Thomas Plank: There are a lot of rock weirs, somewhere around a half dozen or more per gully in this [00:17:00] part of the ranch. They don’t look like much. And I wouldn’t have spotted them or expected they were weirs, had Erik not pointed them out. A foot or two tall, they’re just a line of rocks stacked together like a little stone wall waiting for their chance to slow down the water and build up the soil.

Erik Kalsta: You’ll see as we go up these draw, and this is important, as the gradient increases, the number of weirs has to increase. And remember, the goal isn’t to hold the water back. It isn’t to create ponding, it isn’t to create little lakes. It is simply to slow it and drop out sediment. That slowing allows the soil pores to open up.

It allows them to get wetted enough to allow water penetration. And, let’s see. I’m looking for one more spot up here. Oh, it’s right there. So what we’re looking at here. It is a natural weir. [00:18:00] Those big rocks, they were just there and things eroded out around them and below them and what that created.

You’ll see this plant here now. It’s clearly had better days. But we’re looking at a plant that’s, once again, a probably three foot diameter and three foot high. At this point, a lot of it’s dead, but, but some of it’s making a comeback.

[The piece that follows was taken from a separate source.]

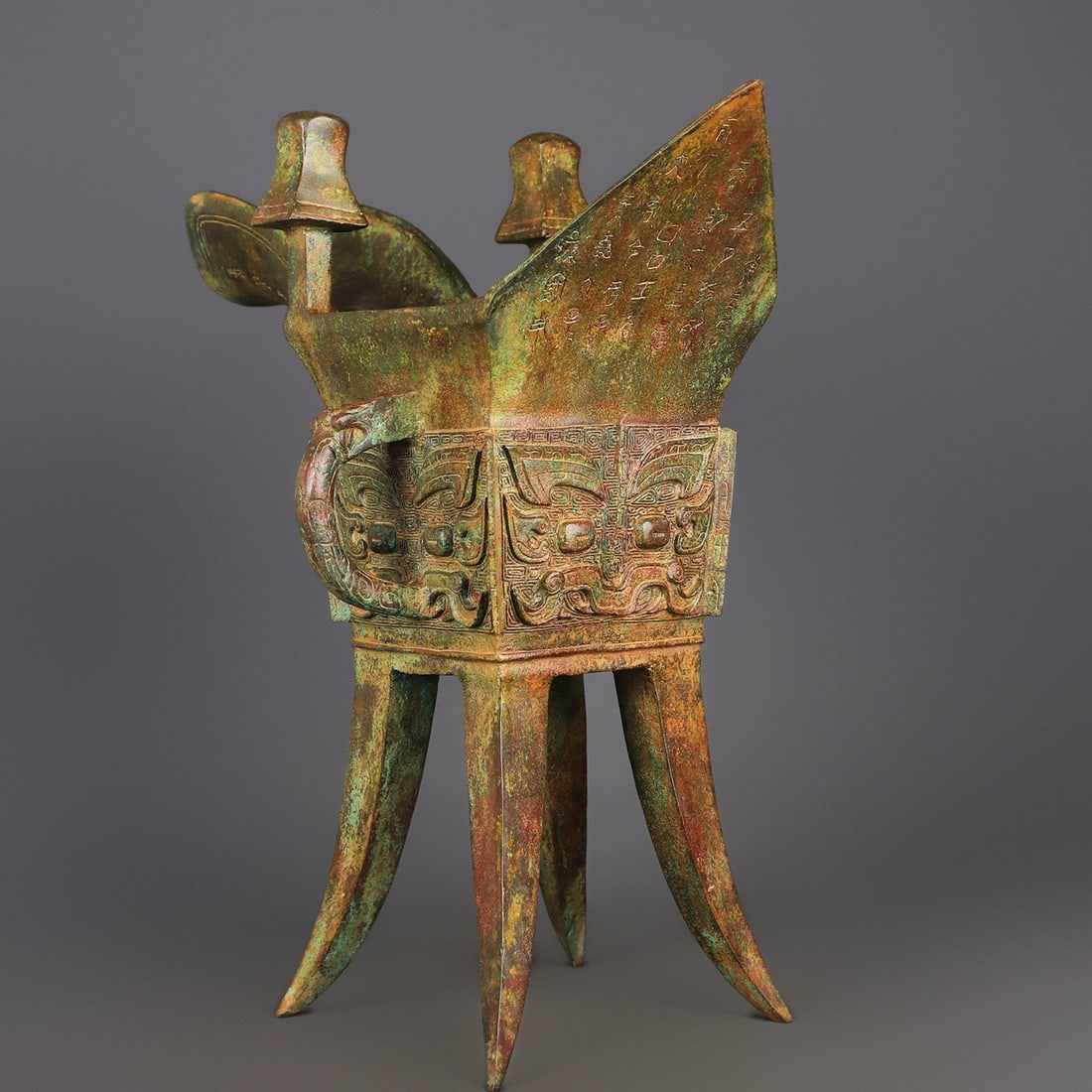 A Exquisite Bronze Beast-Face Pattern Goblet - 7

This is curly leaf mahogany. Curly leaf mahogany occurs on McCarty, but it’s usually about 700 to a thousand feet higher, and it’s in an area where the rock is tipped vertical, and there are large splits between the, the vertical layers that fills with organic detritus. And that’s generally what this plant establishes in. Establishes an area where it can get better moisture, natural moisture traps, and [00:19:00] better soil.

As a result to find it here is unusual. And that got me thinking about this plant that we’re looking at now. I first saw when I was 15 years old, I’m 58 now, so that was when I started thinking about how to do this. And like I said, the plant, it’s, it’s got an inner core here where there’s an area about a size of a basketball, maybe that’s still alive and the rest of the plant is kinda suffering. And that might be speaking more to our last five years of drought or just to the overall age of the plant. I’m not sure, but the fact that these natural structures, you’ll even see it up on the, up on the flat here you’ll see a, a large boulder that’s poking out of the ground and on the northern side of it, I think probably [00:20:00] between dew collection because of the temperature variability and what else it’s blocking.

You’ll see a gooseberry bush, you know, out here among the cactus and prickly pear. If we can kind of mimic what nature’s doing. To our own advantage, and we don’t think about it just as growing grass, but we think about it as the ecosystem as a whole, we also have to think about it as, you know, this is not something that is going to change things this year.

We have to think in terms of decades. We can make changes that will offset some of the impacts of climate change

Thomas Plank: Pretty, pretty big stuff just from moving a few rocks into a gully, or rather having children move a few rocks into a gully.

Erik Kalsta: Yeah, yeah. Well, I’ve moved quite a few myself, but yeah, I, I prefer having the children do it.

Thomas Plank: But this is a really low tech solution, or [00:21:00] I don’t know if I’d call it a solution perhaps, but it’s a very low tech problem solving tool that’s available to people.

If there’s rocks around pretty much.

Erik Kalsta: Sure. I mean, and you know, you have to think about it. If, if we’re having a Rose Bush show up, we’ve got water closer to the surface. If we put in more of these, or if we have a wetter year, will we have a spring seep? If we have a spring seep? What are the logical outcomes.

Well, we know that it will help, at least small game, probably help bats, help birds could help big game, depending on how much water we see moving through this landscape. And then, you know, I, I mean, it’s, it’s change over time. That’s really what we’re looking for is change over time. And I don’t wanna say it’s, it’s a climate change solution or anything like that.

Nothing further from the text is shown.